## GIVEN DATA
== Segment start ==

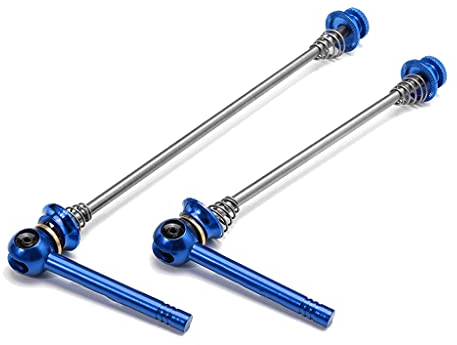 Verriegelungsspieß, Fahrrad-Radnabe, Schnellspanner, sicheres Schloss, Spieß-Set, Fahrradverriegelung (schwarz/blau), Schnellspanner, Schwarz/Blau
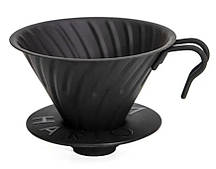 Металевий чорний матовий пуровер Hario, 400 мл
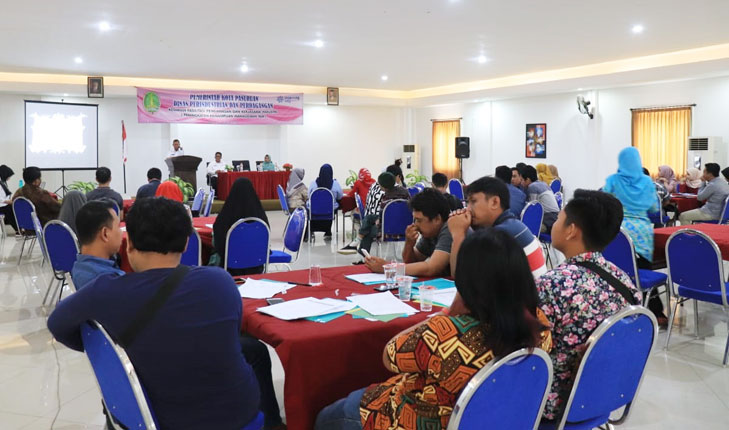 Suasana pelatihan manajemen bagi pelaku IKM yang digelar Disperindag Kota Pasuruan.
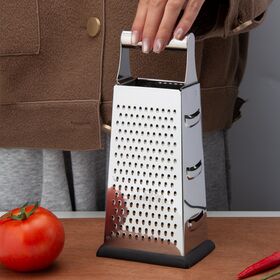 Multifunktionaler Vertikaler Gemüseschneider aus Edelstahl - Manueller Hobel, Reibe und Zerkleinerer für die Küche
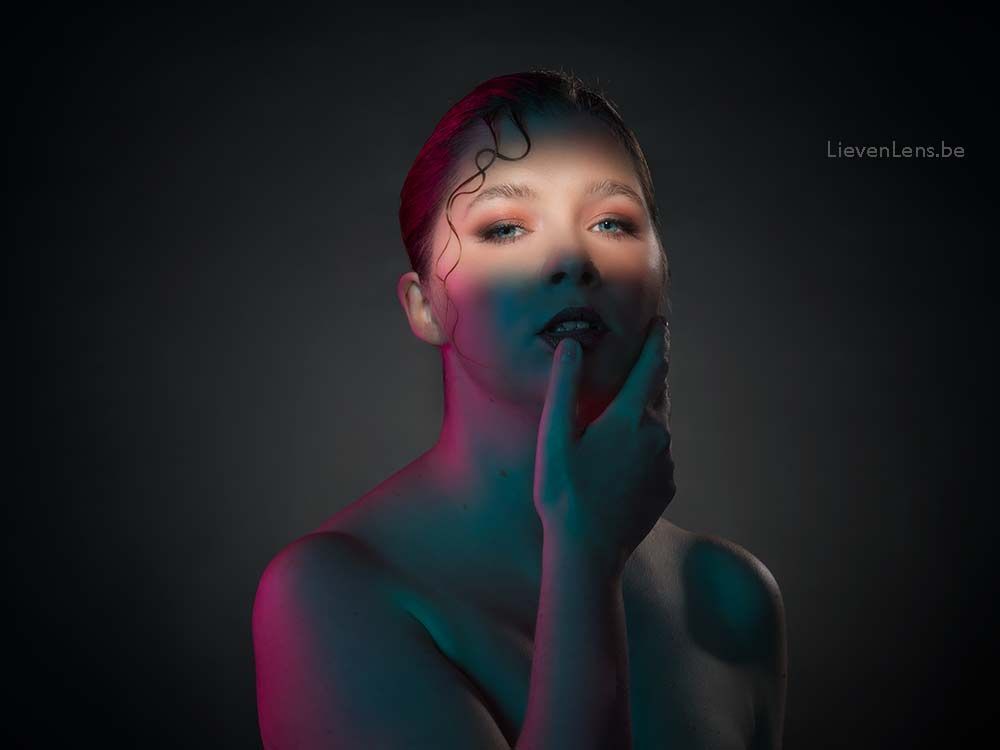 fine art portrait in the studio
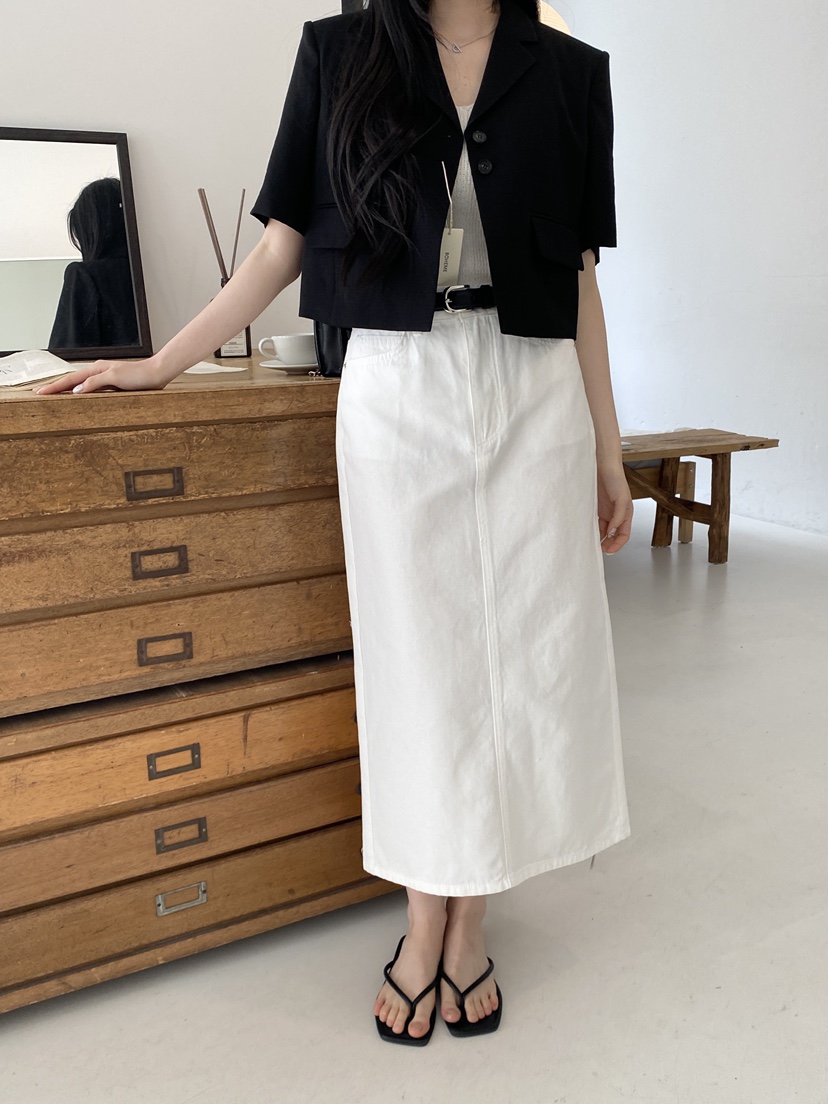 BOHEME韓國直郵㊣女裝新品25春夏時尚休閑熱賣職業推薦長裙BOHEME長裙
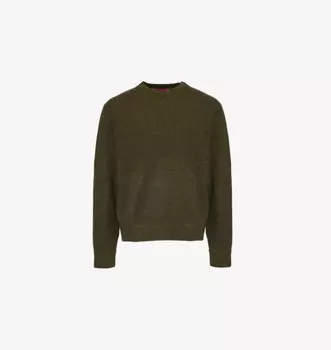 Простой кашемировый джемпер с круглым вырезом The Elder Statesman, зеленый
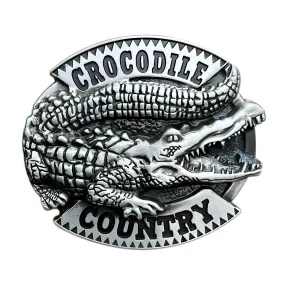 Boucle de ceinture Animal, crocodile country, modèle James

== Segment end ==

What is needed is an exact repetition of every entry, without the pictures.

## SOLVED EXERCISE
 Verriegelungsspieß, Fahrrad-Radnabe, Schnellspanner, sicheres Schloss, Spieß-Set, Fahrradverriegelung (schwarz/blau), Schnellspanner, Schwarz/Blau
 Металевий чорний матовий пуровер Hario, 400 мл
 Suasana pelatihan manajemen bagi pelaku IKM yang digelar Disperindag Kota Pasuruan.
 Multifunktionaler Vertikaler Gemüseschneider aus Edelstahl - Manueller Hobel, Reibe und Zerkleinerer für die Küche
 fine art portrait in the studio
 BOHEME韓國直郵㊣女裝新品25春夏時尚休閑熱賣職業推薦長裙BOHEME長裙
 Простой кашемировый джемпер с круглым вырезом The Elder Statesman, зеленый
 Boucle de ceinture Animal, crocodile country, modèle James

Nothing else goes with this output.